# [Records for this exercise]
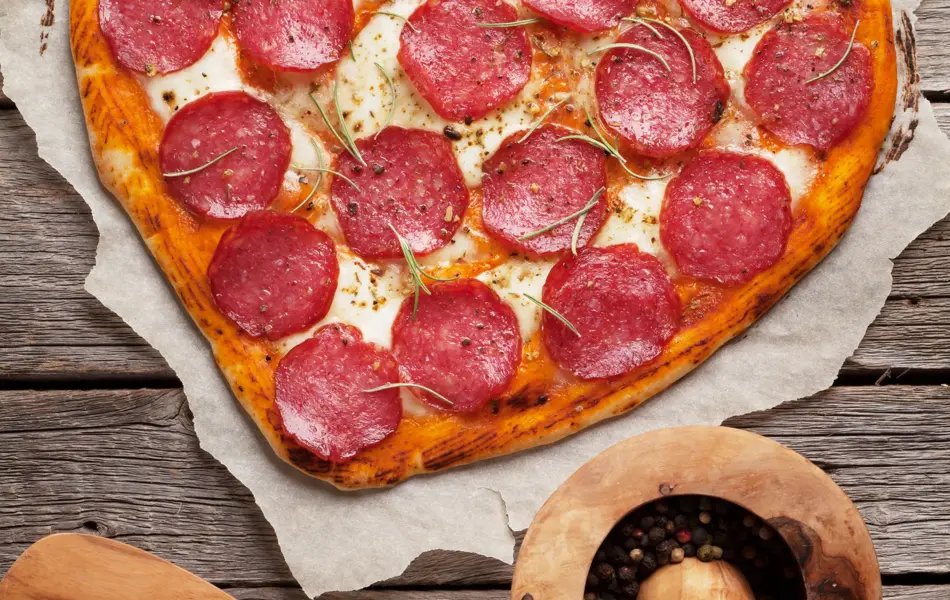Heart shaped pizza with pepperoni and mozzarella. Valentines day greeting card. Top view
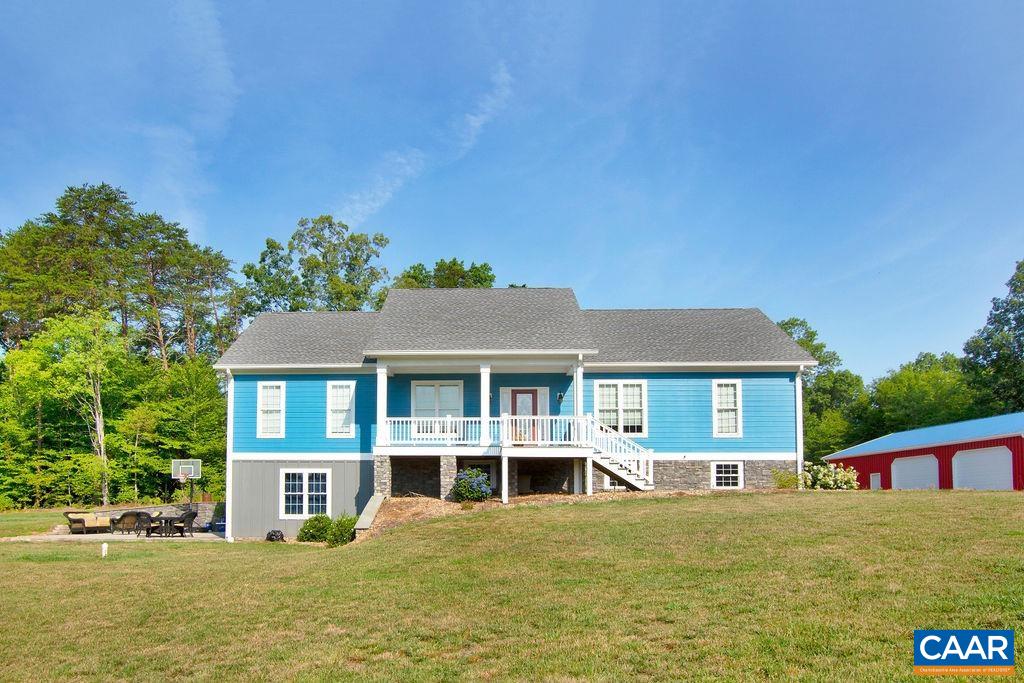 1275 Poplar Spring Road Scottsville, VA 24590 - Photo 1 of 51 a front view of a house with garden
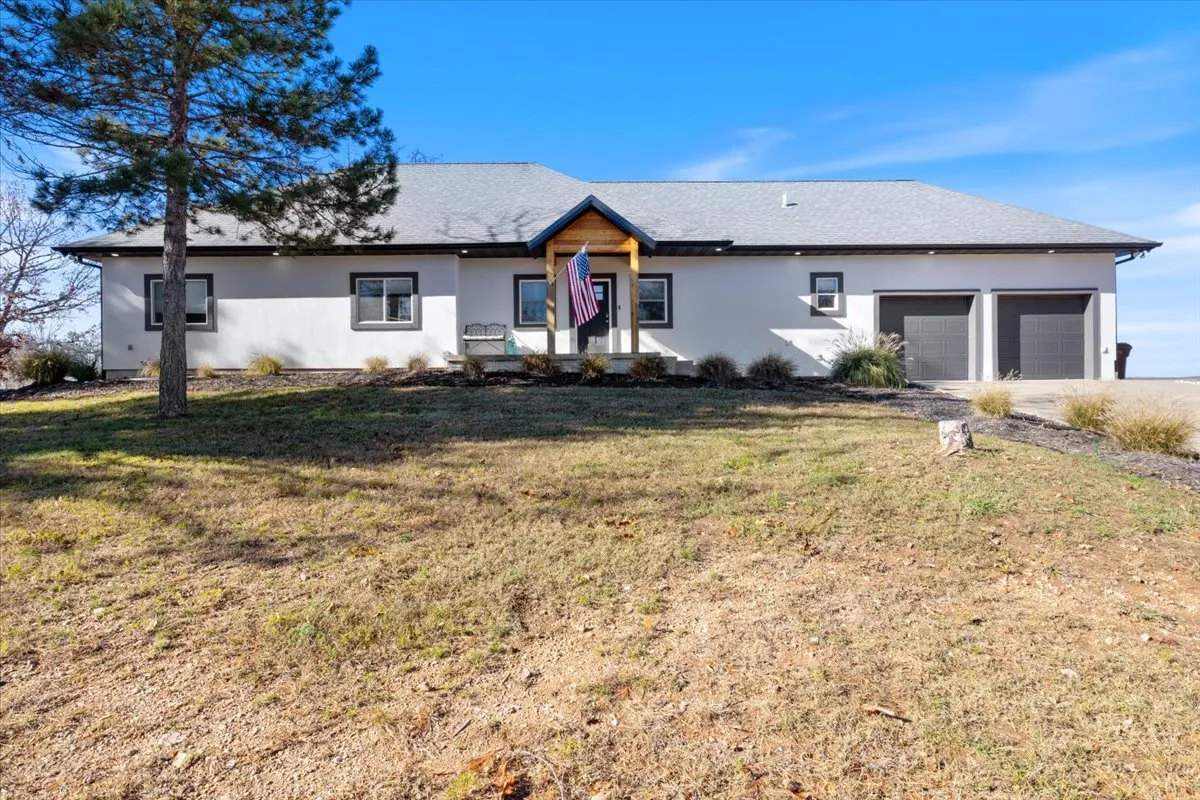 This exterior image features the front entrance of the home, flanked by a landscaped yard and garage doors, with an inviting porch and an American flag. The setting conveys a welcoming and secure arrival experience.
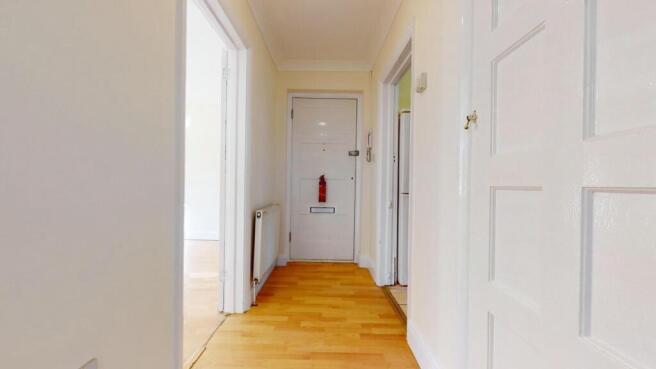 Bright and tidy hallway with warm wood floors...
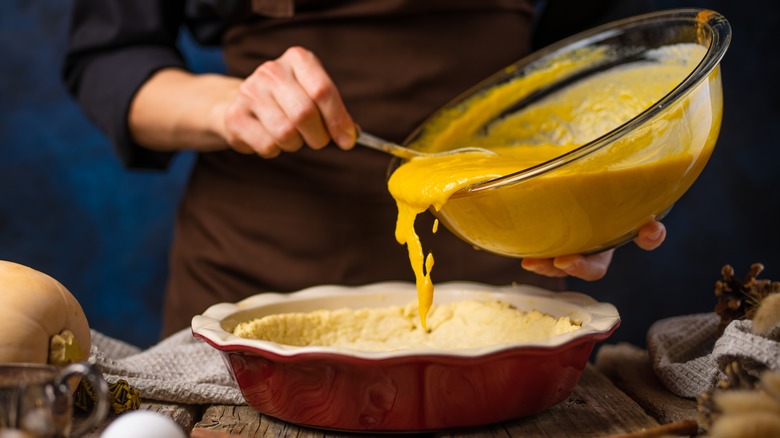 Person pouring pie filling into crust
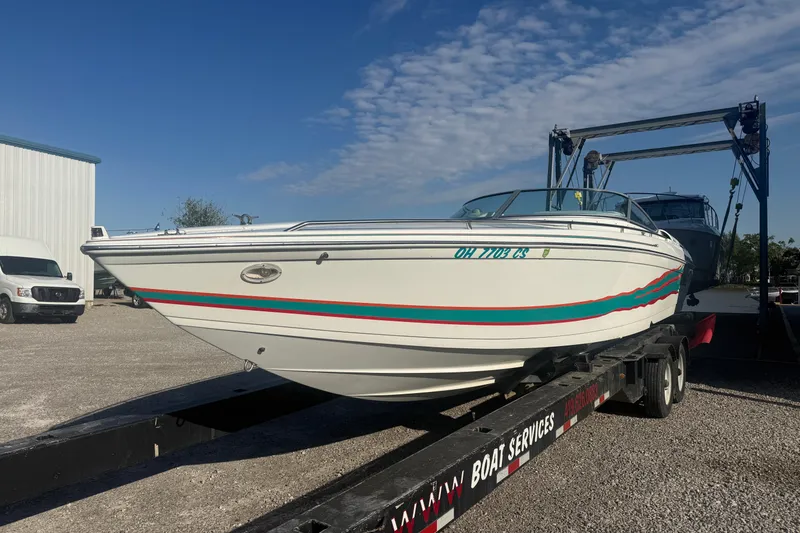 Slide: The Image of 1999 Formula 312 FASTech boat on trailer under clear blue sky. - 19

# [What to produce]
Leave out the pictures, and write out all the remaining data above exactly.

# [The answer]
Heart shaped pizza with pepperoni and mozzarella. Valentines day greeting card. Top view
 1275 Poplar Spring Road Scottsville, VA 24590 - Photo 1 of 51 a front view of a house with garden
 This exterior image features the front entrance of the home, flanked by a landscaped yard and garage doors, with an inviting porch and an American flag. The setting conveys a welcoming and secure arrival experience.
 Bright and tidy hallway with warm wood floors...
 Person pouring pie filling into crust
 Slide: The Image of 1999 Formula 312 FASTech boat on trailer under clear blue sky. - 19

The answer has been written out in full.